Now for the good: you get eat your Whoppers, play your iPads, and etc. But of course, not without the expense of others' rights.
The PATRIOT Act leaves many in the dark since it was truly an emotional response rather than an appropriately weighted idea. I get it though. 9/11 was definitely a big hit to the US and threatened national safety for years to come. But like any other emotional response, it wasn't thought through. It was an act of fear, and fear breeds repression. Instead of actually seeking out potential threats of this country, we instead, turn on our own citizens and view them as potential threats. That doesn't sound like safety to me. Instead it is another additional fear that has been placed in society by the government.
It says a lot about our society when even the most (we would like to think) level-headed officials and politicians are deterred when it comes to important decision making. Like I have stated before: yes, 9/11 was a big hit. But if our nation's leaders, the people who we depend on for the well being of our country, can't even sit down and actually plan out the right course of action, it can't help but lead to distrust. I mean, right now as I write this, I can't help but feel like I'm being monitored by a mysterious van a block or two away from my house. I think that says a lot. To not have ease of mind when you are simply speaking your mind is ridiculous. What happened to the First Amendment? Did the PATRIOT Act ink in fine print now that says: "Unless we think you're a terrorist."?
As much as I disagree with how the and what the PATRIOT Act stands for, it has bound to have worked on more than one occasion. I'm guessing here because, like the PATRIOT Act, it's a mystery. The government is a huge mystery to me. They give out facts and numbers on how many terror plots have been suppressed or stopped due to the PATRIOT Act. But I can't tell for sure if those are factual representations or if it's just to fluff up the PATRIOT Act so the government can still have full access to every person's life. I just don't know. If you round up all of the citizens of the United States, all their opinion will equate to "I don't know.", since we all can't even agree what the PATRIOT Act actually is or entails. I'm not willing to just give up my civil liberties, and neither is the whole population of this country. The PATRIOT Act should be revisited and tweaked to detract from infringing the rights of the people and the foundation that this country was built upon.
I already knew about how the government already has the technology and power to keep tabs on whoever they feel needed to be monitored. But actually seeing how they operate is scary. Michael Westen (Burn Notice) definitely makes it look easy. I can't help but feel a little more paranoid than I was before watching the movie. The way that the people that you are suppose to trust and depend on will break in your house and turn against you in the slightest moment is ridiculous. The one question that lingered in my mind throughout the entire movie was: How much freedom are we willing to give up in the name of safety? It reminded me of prison in a sense where everyone is monitored, whether you like it or not.

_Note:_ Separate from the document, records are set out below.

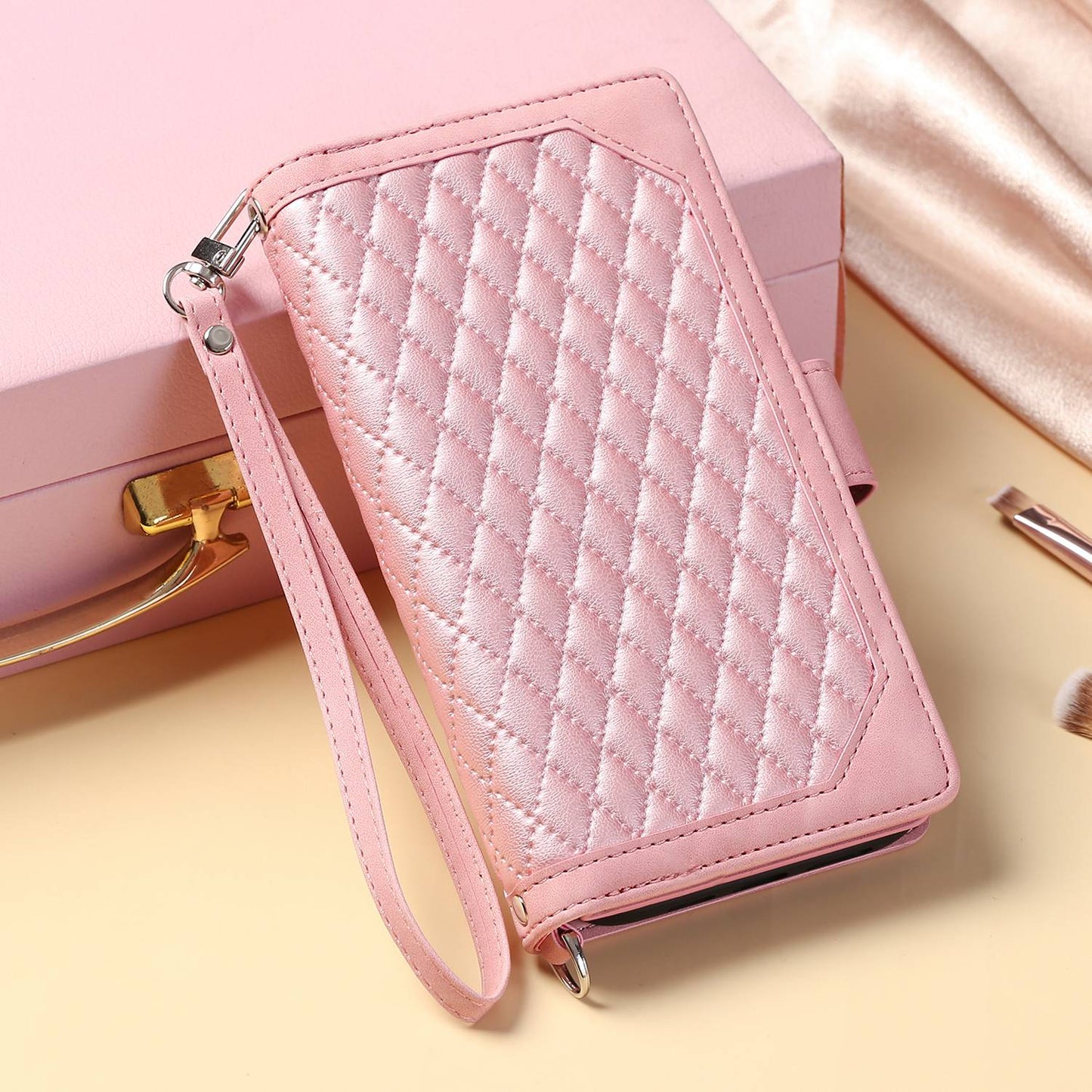 For iPhone 13 Pro 6.1 inch 005 Wallet Design Folio Flip Magnetic Phone Cover Rhombus Grid Texture PU Leather Zipper Pocket Stand Case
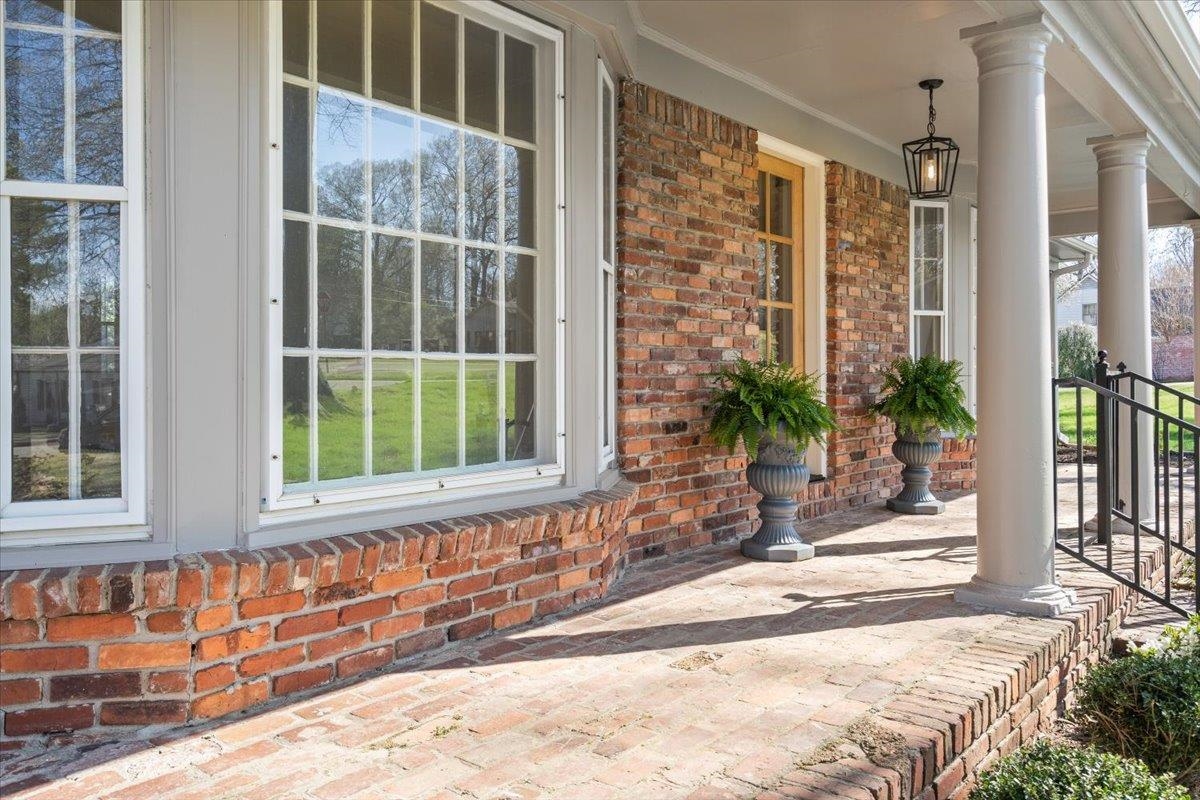 5600 Normandy Road Memphis, TN 38120 - Photo 5 of 28 View of patio with covered porch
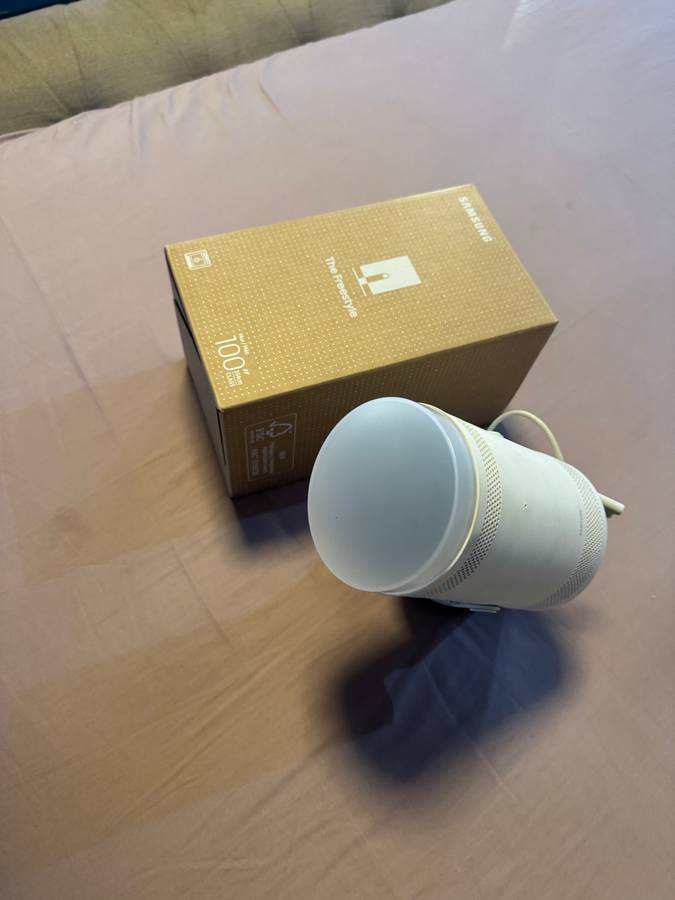 Samsung Freestyle projector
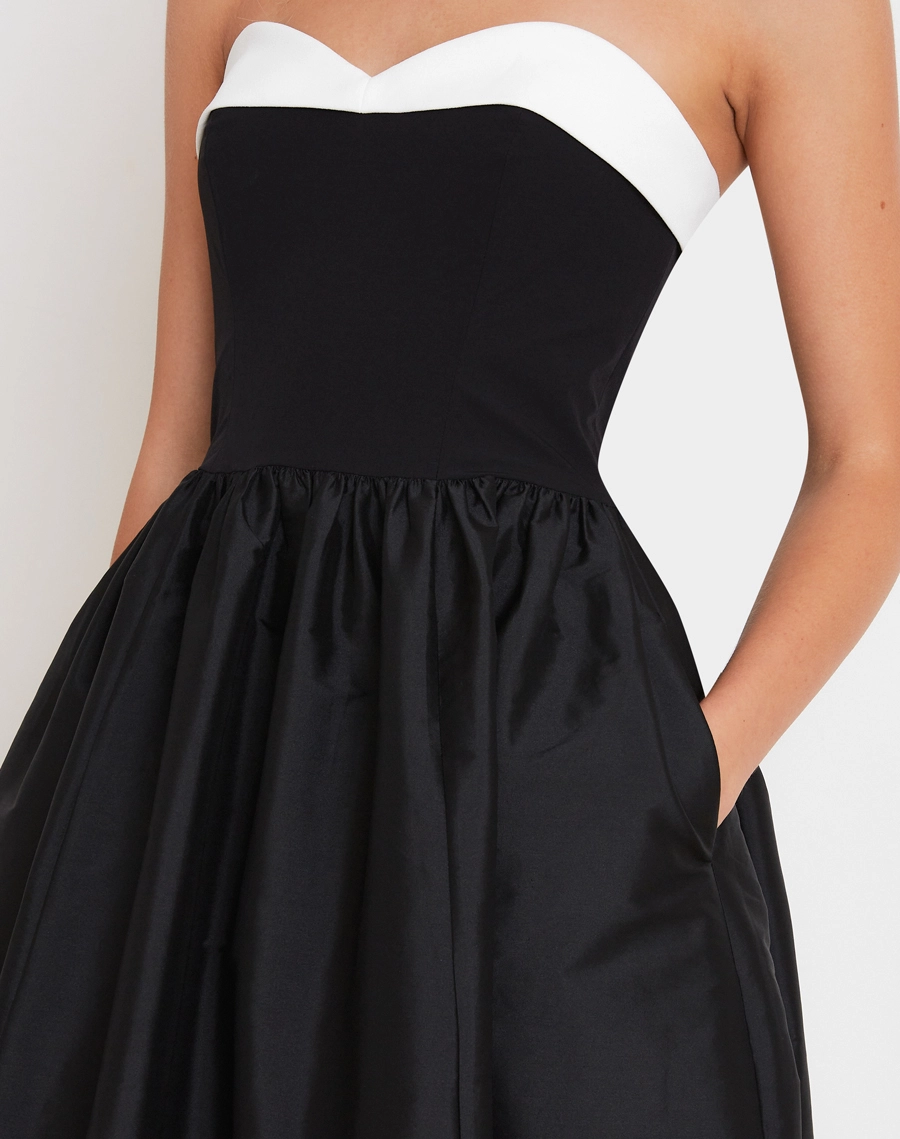 O Vestido Midi Gisela é confeccionado em Malha Memory, tecido que proporciona estrutura, sustentação e um caimento encorpado à peça.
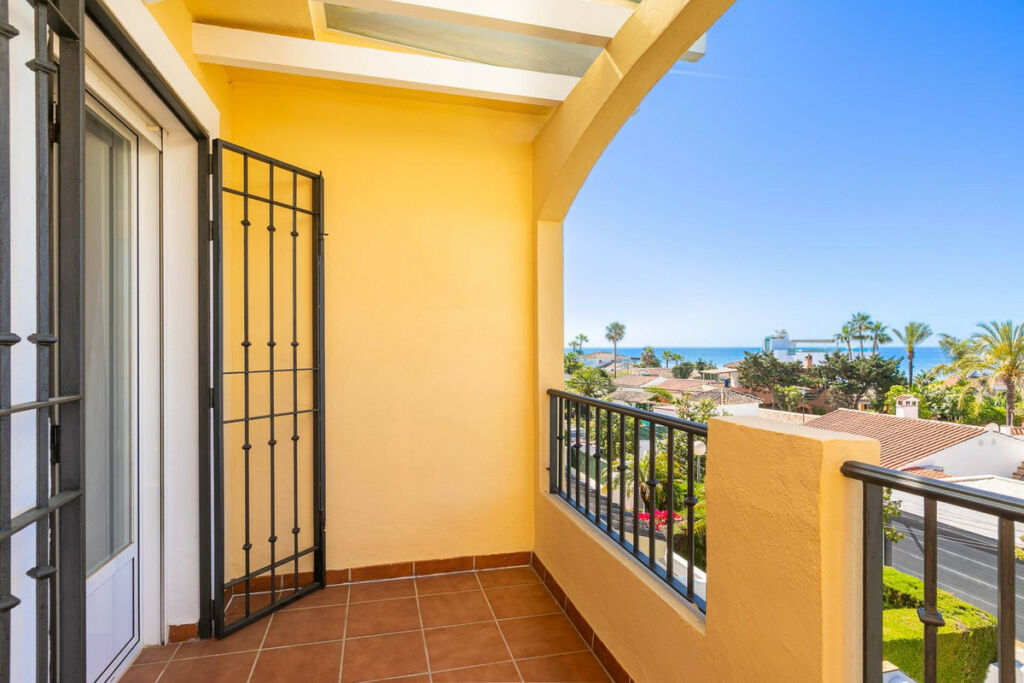 Semi-Detached House Costabella Málaga - image 38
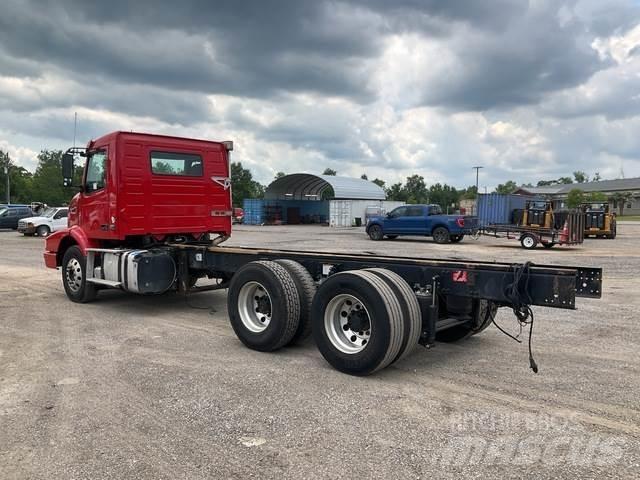 Volvo VHD64B Kabiinid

In the film, they focused more on the bad egg of the government. It really brought home the idea that in the wrong hands, the surveillance technology available can be used against us. And in a way, it seems that the film is saying that anyone in the government has the ability to cause harm with said surveillance technology. I understand the concept of safety (especially national saftey), but how much is too much? There should be a limit on how much access of information someone has on you. Because if not, do we actually have "freedom?"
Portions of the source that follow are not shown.